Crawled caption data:
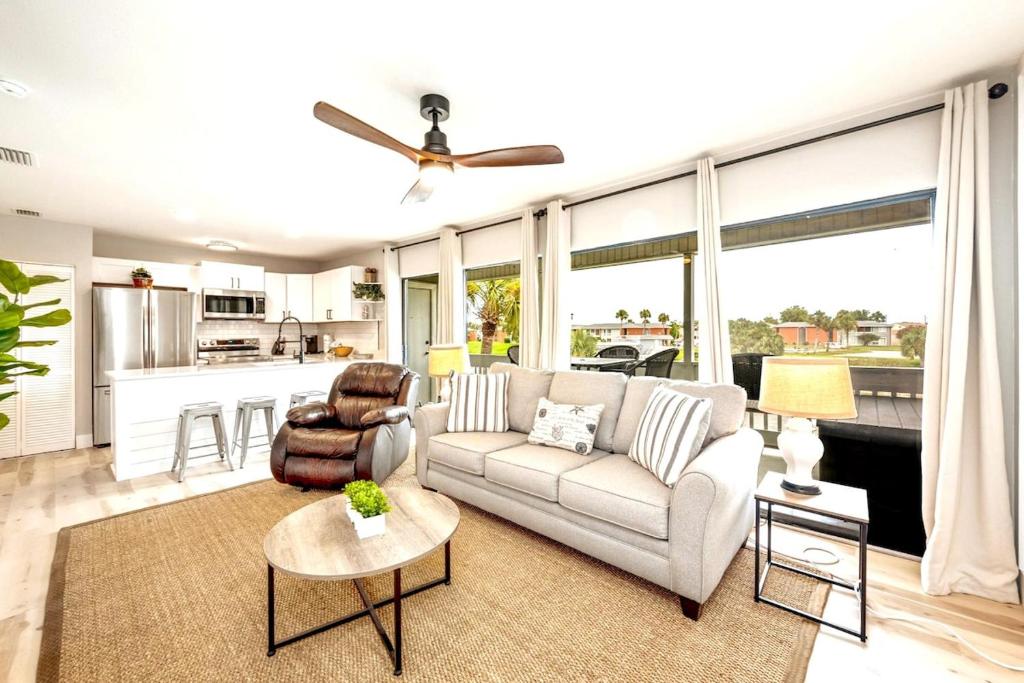 So Fire So Good 3 Comm Pools LakeView Fireplace, Destin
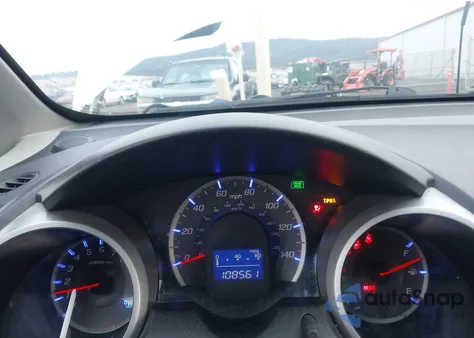 2013 Honda Fit z USA, uszkodzony, nr VIN JHMGE8H39DC067499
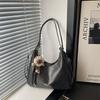 Commuter retro new fashion tote bag women's versatile casual personality Korean version large-capacity messenger bag
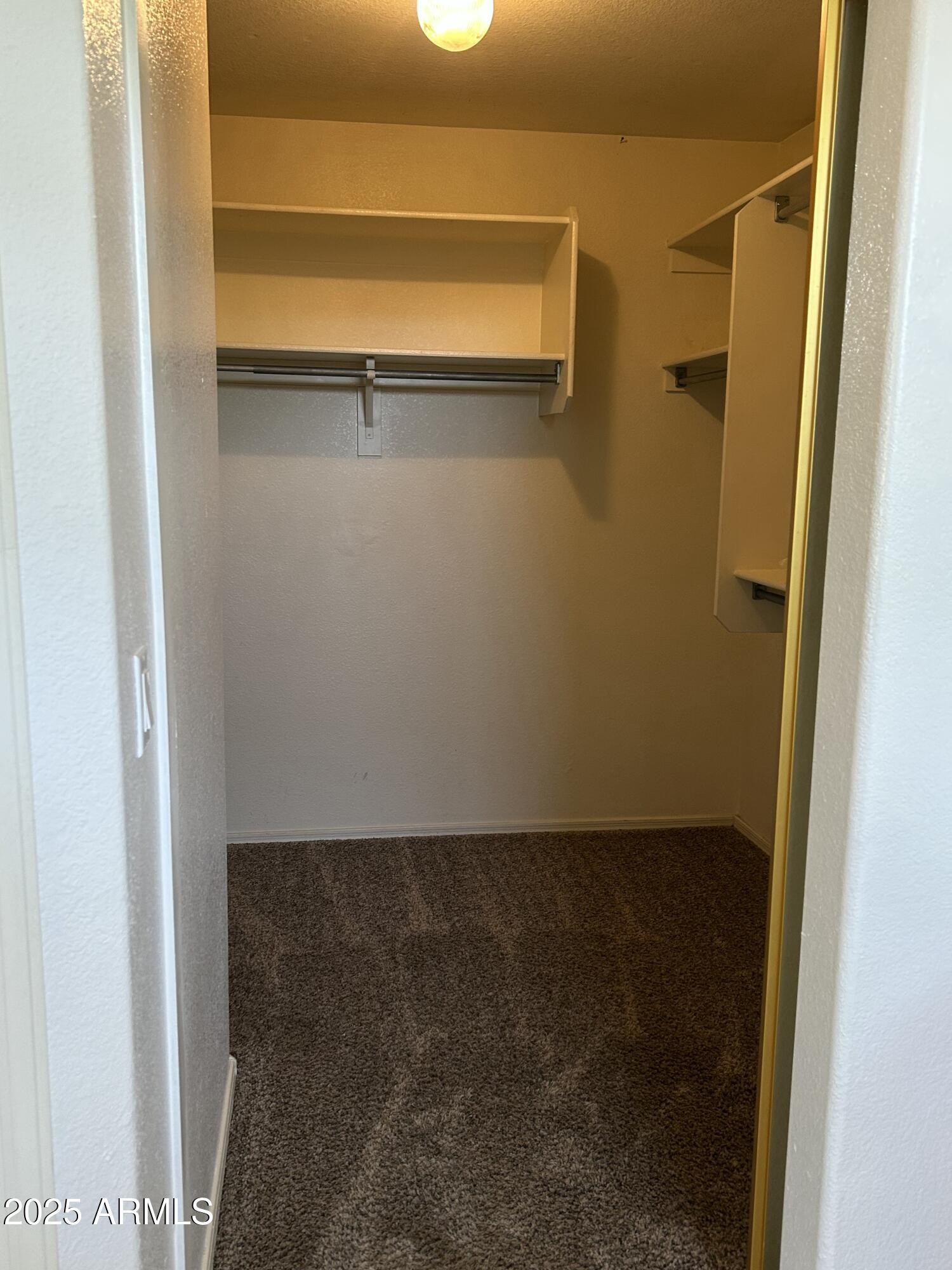 2092 E SMOKE TREE Road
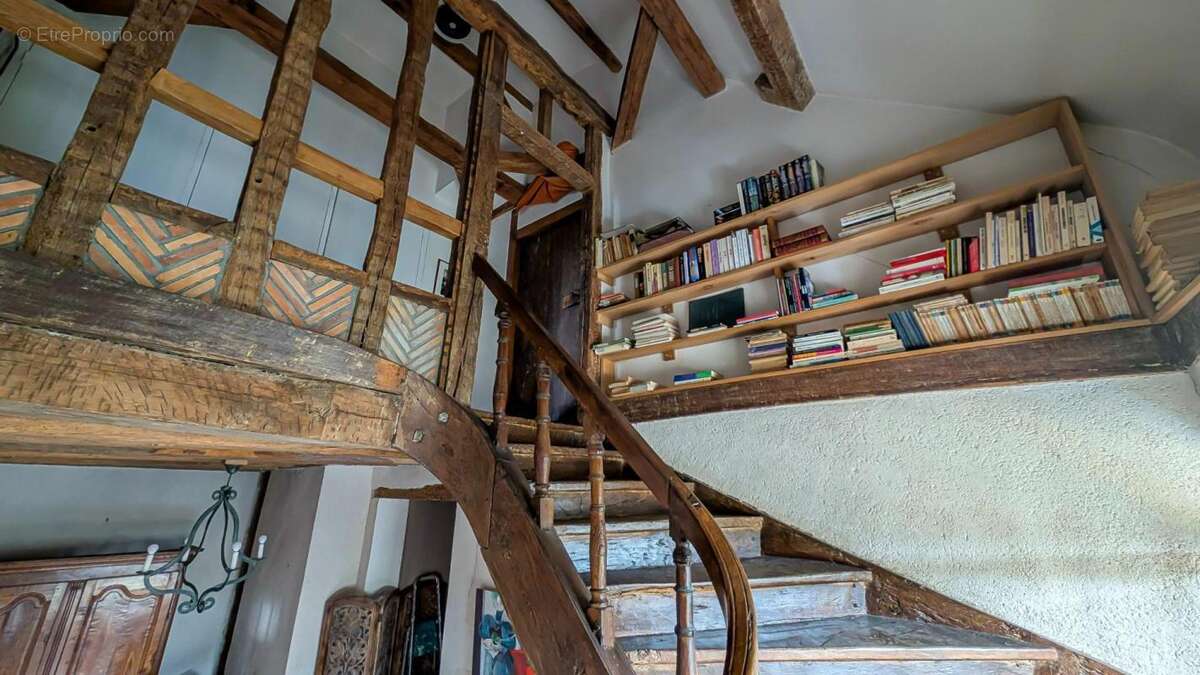 Maison à SAINT-VINCENT-DU-LOROUER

Exercise requirements
Nothing may be altered when you restate the records, but every picture must be dropped.

Solution to this task
 So Fire So Good 3 Comm Pools LakeView Fireplace, Destin
 2013 Honda Fit z USA, uszkodzony, nr VIN JHMGE8H39DC067499
 Commuter retro new fashion tote bag women's versatile casual personality Korean version large-capacity messenger bag
 2092 E SMOKE TREE Road
 Maison à SAINT-VINCENT-DU-LOROUER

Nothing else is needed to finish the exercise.